=== Exercise directions ===
Transcribe every line from the one containing "Video: Pengrajin Payung" to the end of the listing, exactly as written, and leave out the pictures.

=== Dataset excerpts ===

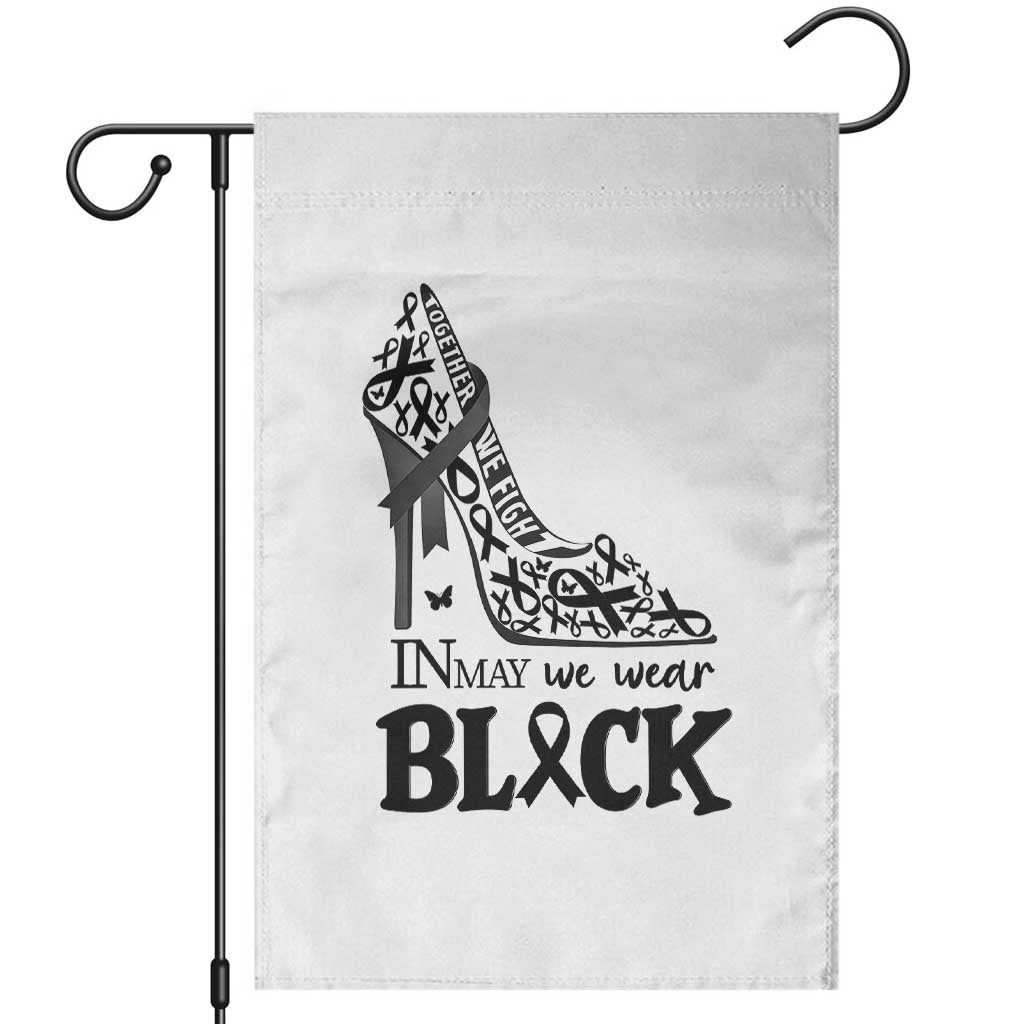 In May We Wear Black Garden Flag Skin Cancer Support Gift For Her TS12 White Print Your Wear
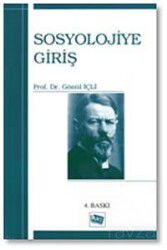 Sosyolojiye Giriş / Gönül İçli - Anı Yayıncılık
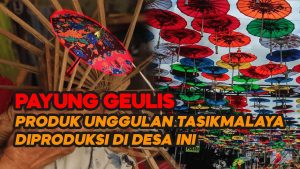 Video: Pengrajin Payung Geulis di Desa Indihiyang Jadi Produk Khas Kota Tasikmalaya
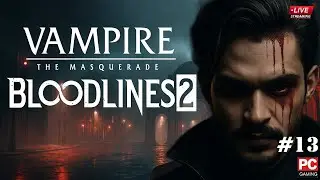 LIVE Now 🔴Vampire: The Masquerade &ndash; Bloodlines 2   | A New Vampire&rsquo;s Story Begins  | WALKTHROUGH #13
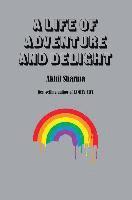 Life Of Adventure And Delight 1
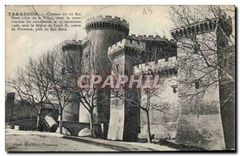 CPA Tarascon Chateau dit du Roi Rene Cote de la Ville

=== Exercise result ===
 Video: Pengrajin Payung Geulis di Desa Indihiyang Jadi Produk Khas Kota Tasikmalaya
 LIVE Now 🔴Vampire: The Masquerade &ndash; Bloodlines 2   | A New Vampire&rsquo;s Story Begins  | WALKTHROUGH #13
 Life Of Adventure And Delight 1
 CPA Tarascon Chateau dit du Roi Rene Cote de la Ville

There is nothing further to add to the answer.